Editors: Robert Cohen and David J. Snyder. Foreword by Dan T. Carter
Publisher: Johns Hopkins University Press
Book Review by: Deekay Daulat
It was not just racial equality that African-Americans (usually referred to as Blacks or Negroes then) fought for in the 1960s and prior years, but also other causes such as academic freedom, desegregation, gender equality, free speech, police brutality, sexual liberation and various personal freedoms, the editors Robert Cohen and David J. Snyder point out in this eye-opening book.
Released last March, this collection of essays takes specific looks at student activist rallies in southeastern United States in and around that tumultuous decade, and presents the burning issues of that period of agitation and protest.

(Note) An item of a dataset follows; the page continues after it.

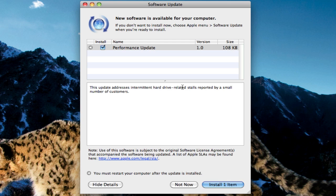So if you have access to the internet and you want to download this, it will be really quick and it fixes some hard drive related issues.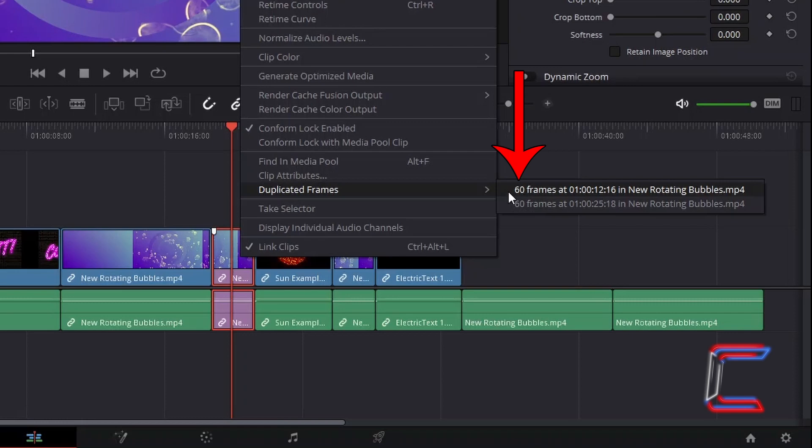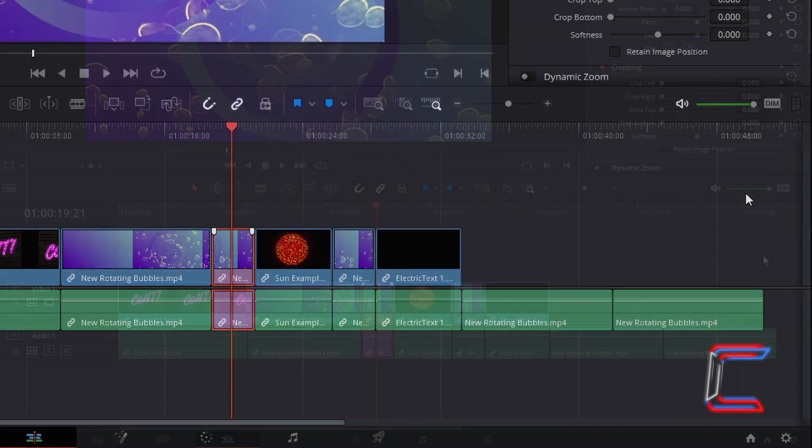So for example, 60 frames within my purple highlighted edit have been duplicated at these other two points on my timeline. If I select the first option, the red playhead will relocate to 12 seconds and 16 frames in from the start of the timeline to identify the duplicated still in my media project.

Even the Vietnam-era antiwar movement and world peace, not related to Black-White conflict in the United States, were goals espoused by student activist movements in the South. This is discussed in the essay by Gary S. Sprayberry entitled Student Radicalism and the Antiwar Movement at the University of Alabama, one of 16 contributions to this collection of commentaries on one of the most turbulent periods in U.S. history.
These articles raise new questions and provide provides fresh perspectives on the 1960s student activism, an important set of protests helped lead to the broader U.S. civil rights movement. Black Power was a recurrent cry at rallies on various campuses and public places in Alabama, Arkansas, Florida, Georgia, Louisiana, Mississippi, North and South Carolina, Oklahoma, Tennessee, Virginia, West Virginia and other states.
What is new and different in this book compared to others on student activism that changed the course of modern U.S. history? As Dan T. Carter notes in his Foreword:
“The writers in this collection tell us stories we haven’t heard before: of hippie coffeehouses and countercultural neighborhoods scattered around predominantly white southern colleges and universities, even demonstrations and riots by their students against police brutality, the repression of free speech, and in loco parentis restrictions by academic administrators. It seems so ‘un-white southern.’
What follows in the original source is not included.